SCORE’s TA1 team will run a single high-quality replication of each selected claim.  We assume good faith and competence, so “high quality” amounts to “high power”. The power must be high enough that a failed replication is informative about the truth of the claim. Simonsohn (2015) argues for 2.5x the original sample size – a good rule but sometimes wasteful or practically unreachable.

TA1 will use the two-stage approach from SSRP, noting cases where it is not feasible.

The sampling strategy is similar to the one used in the original studies (students or other easily accessible adult subject pools) and are described in the Replication Reports for each replication posted at OSF (https://osf.io/pfdyw/). For sample sizes we used a two-stage procedure with 90% power to detect 75% of the original effect size at the 5% level (two-sided test) in Stage 1; if the effect was not significant in the original direction in Stage 1 a second data-collection was carried out with 90% power to detect 50% of the original effect size at the 5% level (two-sided test) in the pooled first and second stage data collection. 

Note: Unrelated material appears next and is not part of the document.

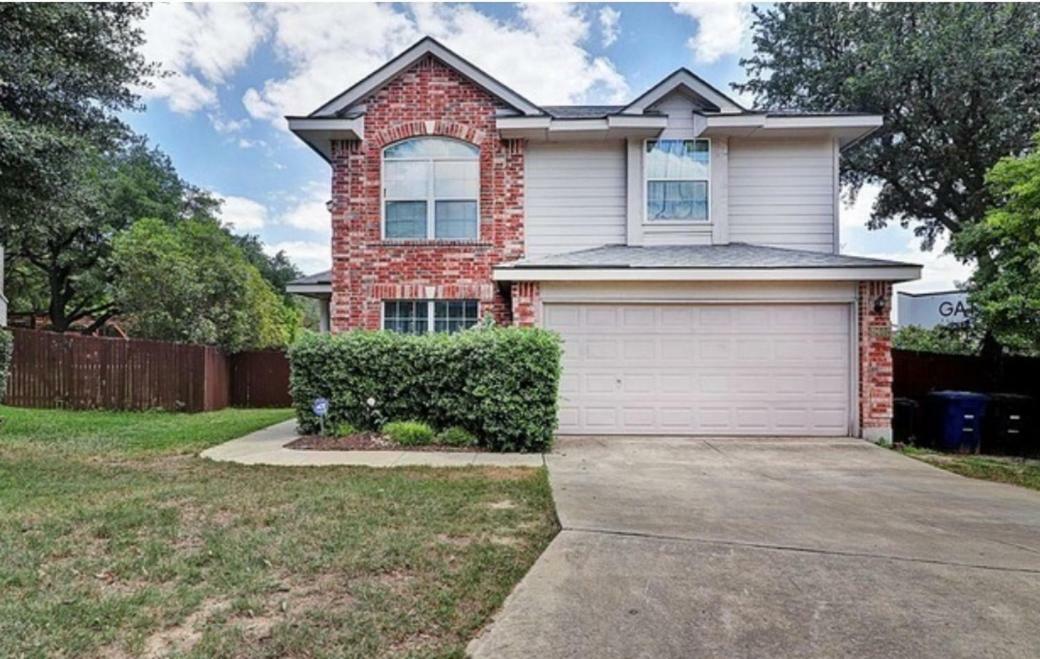 Holiday home Helotes Family Retreat *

Previous plan below, struck out.

Therefore the TA1 gets three estimates of replication sample size, and aims for the middle:

  • Minimum power = smallest of 95% power to detect (p < .05) the original effect size, 80% safeguard power for 80% power, and 2.5*N
  • Target power = middle of 95% power to detect (p < .05) the original effect size, 80% safeguard power for 80% power, and 2.5*N
  • Aspirational power = largest of 95% power to detect (p < .05) the original effect size, 80% safeguard power for 80% power, and 2.5 × N

All studies will be conducted to one of these high, but imperfect, standards, aiming for at least Target Power.²  

Should this affect your forecast?  How? See What do I forecast?


Extra: Where do the power estimates come from?

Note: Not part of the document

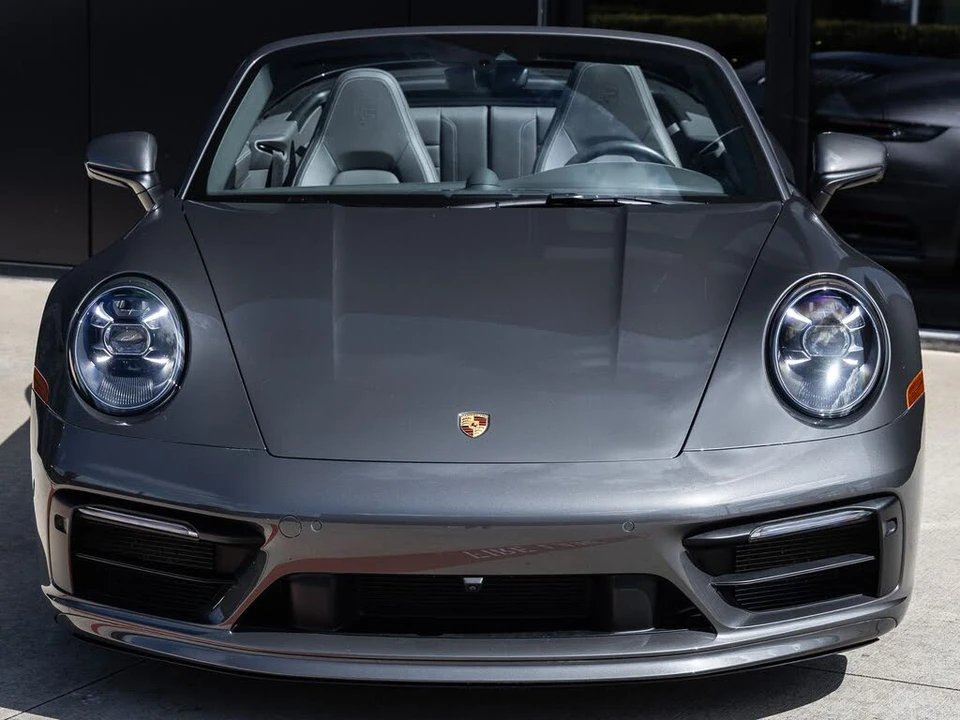 2020 Porsche 992 Carrera S - Image 8 of 31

As noted above, TA1 is using the two-stage approach from SSRP, but the following may still be of interest.

  • High-power (Open Science Collaboration, 2015) uses 95% of the original effect size. This is the most straightforward approach, but it presumes that the original effect size estimate is credible.
  • Safeguard power (Perugini et al., 2014) bases power estimates on the lower bound of the precision of the original estimate. This is a useful strategy for precisely measured original effects while still taking into account possible inflation of published effect sizes. It is a less productive strategy (i.e., extremely demanding sample size) for imprecisely estimated effects, particularly those with a lower bound of the confidence interval close to .05.  
  • Small telescopes (Simonsohn, 2015) bases power estimates on the original sample size, providing a very simple rule of using 2.5× the original sample. This complements safeguard power in that it is (relatively) practical for highly imprecise estimated effects with a lower bound of the confidence interval close to .05.  However, it is less productive — and counterproductive for resource management — for original studies that were precisely estimated and highly significant. It is also not applicable to nested sampling such as multi-level models common in some areas of social-behavioral research (e.g., education).

¹ It says “DoD consumer” because DARPA is in the US Dept. of Defense, but clearly applies generally.

²​ A few exceptions to the minimum power may be approved “if the replication serves the broader interests of representativeness, coverage of domains, and completion of sufficient numbers of replications.”   As the TA1 group is keenly aware of the importance of high power, we treat this as negligible.